Avez-vous remarqué qu'on est toujours attiré par la période que nous n'avons jamais pu vivre ? Les personnes nées entre les deux guerres ne rêvent que des années folles, les baby boomers raffolent des années 30, les « fin de siècle » ont une nostalgie pour ces fabuleuses années 80 qu'ils n'ont pas connues… J'appartiens à la génération qui a une tendresse particulière pour ces années 50/60 du Quartier Latin et la révolte qui couve dans les rangs d'une jeunesse trop gâtée pour s'épanouir.
Génération raconte ces années-là par le menu. Un peu trop même.
Ce n'est pas un roman, mais un récit. le témoignage de ceux qui ont « fait mai 68 ». Il aurait peut-être mieux valu écrire carrément une fiction, mettant en scène une poignée de personnages centraux se débattant au milieu de faits et personnes réelles. Une sorte de Forrest Gump du boulevard Saint Michel.
Parce que, le récit écrit à quatre mains, se résume à un simple dictionnaire où défilent quantité d'acteurs plus ou moins connus du grand public.
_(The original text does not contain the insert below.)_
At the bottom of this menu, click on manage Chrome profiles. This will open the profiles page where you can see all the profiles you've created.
Mais un dictionnaire qui bouge, comme les personnages des tableaux de Poudlard, l'école du célèbre Harry Potter.
Génération se décline en deux volumes. Celui-ci raconte les années 60, de la guerre d'Algérie au joli mois de Mai en suivant les pérégrinations d'une foule d'acteurs positionnés forcément à gauche sur l'échiquier politique.
Entre Alger, Cuba et Budapest, dans les pas des syndicats d'étudiants tentant de se démarquer d'un parti communiste français trop rigoureux, trop sectaire. Parmi les maoïstes, les trotskistes et l'aile plus libérale inspirée par le PCI (parti communiste italien), que l'on surnomment justement les Italiens. On croise le Ché, Kroutchev, Papon, Mao mais surtout et essentiellement une bande de jeunes en manque des faits de résistance de leurs ainés (le conflit mondial n'a pas 15 ans) et d'un combat politique fort.
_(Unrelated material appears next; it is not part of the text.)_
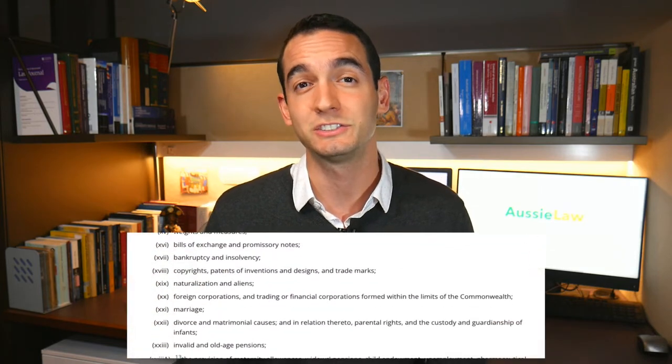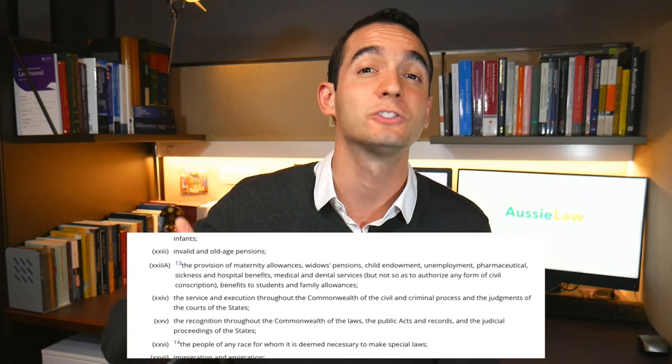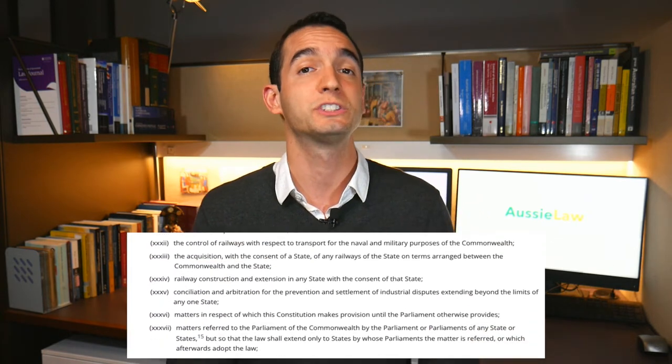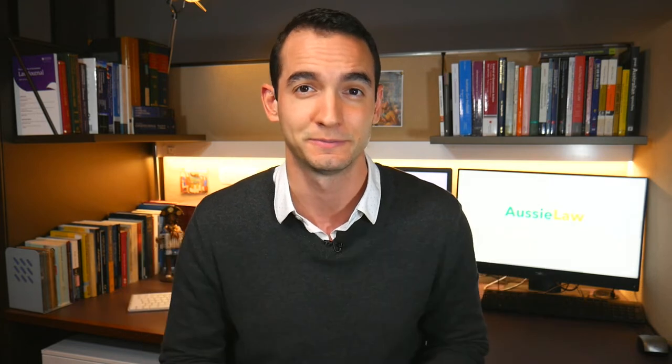And that's why we have Section 51 in the Australian Constitution. Section 51 consists of a list of the heads of power — the subject matters according to which the Commonwealth Parliament can legislate. It's true that there are some other heads of power in other provisions of the Constitution, but the majority, the bulk of it, is in Section 51.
Un récit qui sonne comme un roman, du moins c'est ce que promet la quatrième de couverture.
Puis, à trois chapitres de la fin, nous sommes le 3 Mai 1968. La machine s'emballe. Et le talent de romancier des deux auteurs reprend le dessus. On halète comme si on participait aux barricades, on tremble devant des CRS déchainés, armés de haine (je repense à un documentaire diffusé sur France Télévision pour la commémoration des 50 ans du joli mois de mai, donnant la parole pour la première fois aux flics d'alors. Pas ou peu de repentance mais se posant en victimes. Une honte ! Les vraies victimes étaient les jeunes et, accessoirement, les badauds et les riverains qui n'avaient rien demandé – tout cela apparait dans ces pages de fièvre).
La force du mouvement c'est qu'il nait comme une étincelle. Tous les apparatchiks des divers mouvements gauchistes qui ne faisaient que débattre depuis la fin de la guerre d'Algérie et qui intriguaient pour une question de pouvoir (de longues pages assez ennuyeuses, bardées de sigles des divers groupes, des « je t'aime… moi non plus » évoqués entre ceux qui pensent pareil mais pas de la même manière) ont été les premiers surpris par le déclenchement de ce qu'ils rêvaient au fond d'eux-mêmes. La CGT et le PC freinaient déjà de tous leurs freins. Preuve que, dans une société figée, même les contre-pouvoirs sont bien rangés des voitures et préfèrent leur petit train-train d'opposants officiels au grand chambardement.
Ce pavé (le jeu de mots était trop tentant !), est entrecoupé parfois de flashbacks à rebours, scènes fugaces vingt ou vingt cinq ans plus tard, illustrant cet aphorisme cinglant : « ils voulaient changer le monde ; c'est le monde qui les a changé ».
Reste un formidable document sur une époque où les idéologies avaient encore quelque chose à promettre, où les rêves pouvaient être vécus, où l'avenir nous appartenait. La force de cette jeunesse d'après guerre était d'être encore des enfants. En 2020, même les ados ont mûri trop vite : ils ne pensent qu'à défendre leurs droits à la retraite. Les passions qui menaient souvent dans des impasses extrémistes ont été remplacées par une raison qui interdit tout débordement, toute utopie, tout rêve. Nous avons grandi trop vite.
Tout ça s'est dilué dans une globalisation sans retour, même les revendications ne dépassent guère le niveau des pâquerettes : le carburant moins cher.